Post session - Quick review

13 Dec 2012 Evaluate

Registering fifth consecutive session of loss, benchmark equity indices at D-Street yet again failed to gain any traction, as investors remained finicky about investing into local equities ahead of the outcome of inflation numbers on Friday that will set the tone for the RBI's policy meeting on December 18. Shrugging off mostly positive Asian counterparts, Indian equity markets prolonged its somber mood in absence of any major positive catalyst at home front, with drubbing of heavy blue chip stocks, viz., ITC, Reliance Industries, HDFC, ICICI Bank, Infosys, L&T, prompting massive losses at D-street. Index Heavyweight, ITC, witnessing nasty laceration of over 4%, emerged as the top loser, after FTSE lowered its free float weighting for the cigarette maker in its global equity index series, according to the website of the index provider. Sentiments also remained fragile in absence of any constructive work being done in Parliament, with Samajwadi Party (SP) creating a ruckus over the quota bill and an angry deputy chairman PJ Kurien asking that its member be evicted.

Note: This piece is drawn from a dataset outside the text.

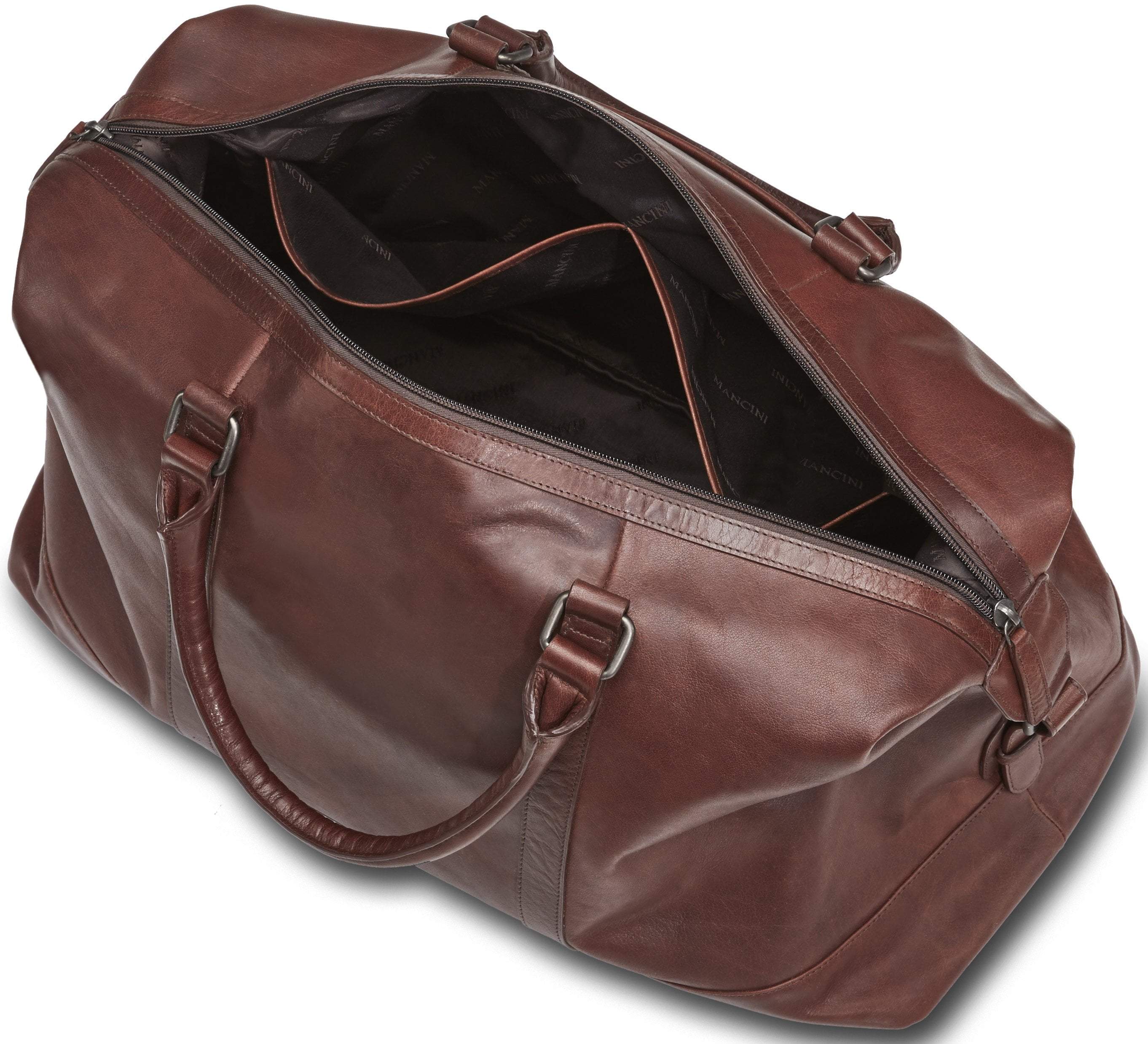 Mancini BUFFALO Carry On Luggage - Lightweight Durable Travel Bag for Airplane, Business Trips & Weekend Getaways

Pressure also crept in from Consumer Durables (CD), Fast Moving Consumer Goods (FMCG) and Realty Counters, which languishing at the bottom, endorsed the underlying weakness of the bourses. Much of the drubbing that came in the afternoon deals, took 30 share index, Sensex, closing near 19200 level, with a loss of over century of points. Similarly, widely followed index, Nifty, too knocked off over half a percent, to shut shop below 5850 psychological level. Additionally, broader indices too failed to negotiate a positive close and concluded with loss of close to a percent.

On the global front, Asian shares concluded mostly in green for a seventh consecutive session on Thursday, after the US Federal Reserve took new stimulus steps to bolster the economy, pressuring the yen with expectations the Japanese central bank will follow suit with more easing next week. The Fed said it will buy $45 billion in Treasuries each month on top of the $40 billion per month of mortgage-backed bonds it started buying in September. Meanwhile, European shares were trading into red terrain as investors balanced a new monetary boost from the U.S. Federal Reserve with lingering concerns that austerity measures could derail the world's largest economy.

Closer home, stocks from Interest sensitive- auto were only spared by investors, which led the index negotiating a close with gains of over 3 / 4 percent. In sector specific action, telecom stocks staged a mixed close ahead of government meeting for discussing the recommendations made by the Empowered Group of Ministers (EGoM) on pricing of spectrum that remained unsold in the recently conducted auction on November 14, 2012.  Additionally, banking stocks, namely, HDFC Bank, SBI, Canara Bank and Bank Of India, also witnessed nasty pounding on dampened hopes of rate cut, with investor’s now turning focus to November Inflation, due to release on December 14, 2012. The market breadth on the BSE ended negative; advances and declining stocks were in a ratio of 1110: 1823 while 122 scrips remained unchanged. (Provisional)

The BSE Sensex lost 144.33 points or 0.75% and settled at 19210.93. The index touched a high and a low of 19421.72 and 19196.75 respectively. 8 stocks were seen advancing while 22 stocks were declining on the index (Provisional)

The BSE Mid-cap index was down by 1.17% while Small-cap index was down by 1.00%. (Provisional)

On the BSE Sectoral front, Auto up 0.85 while Consumer Durables down by 2.87%, FMCG down by 2.81%, Realty down by 1.62%, CG down by 1.38% and Power down by 1.21% were the top losers in the space.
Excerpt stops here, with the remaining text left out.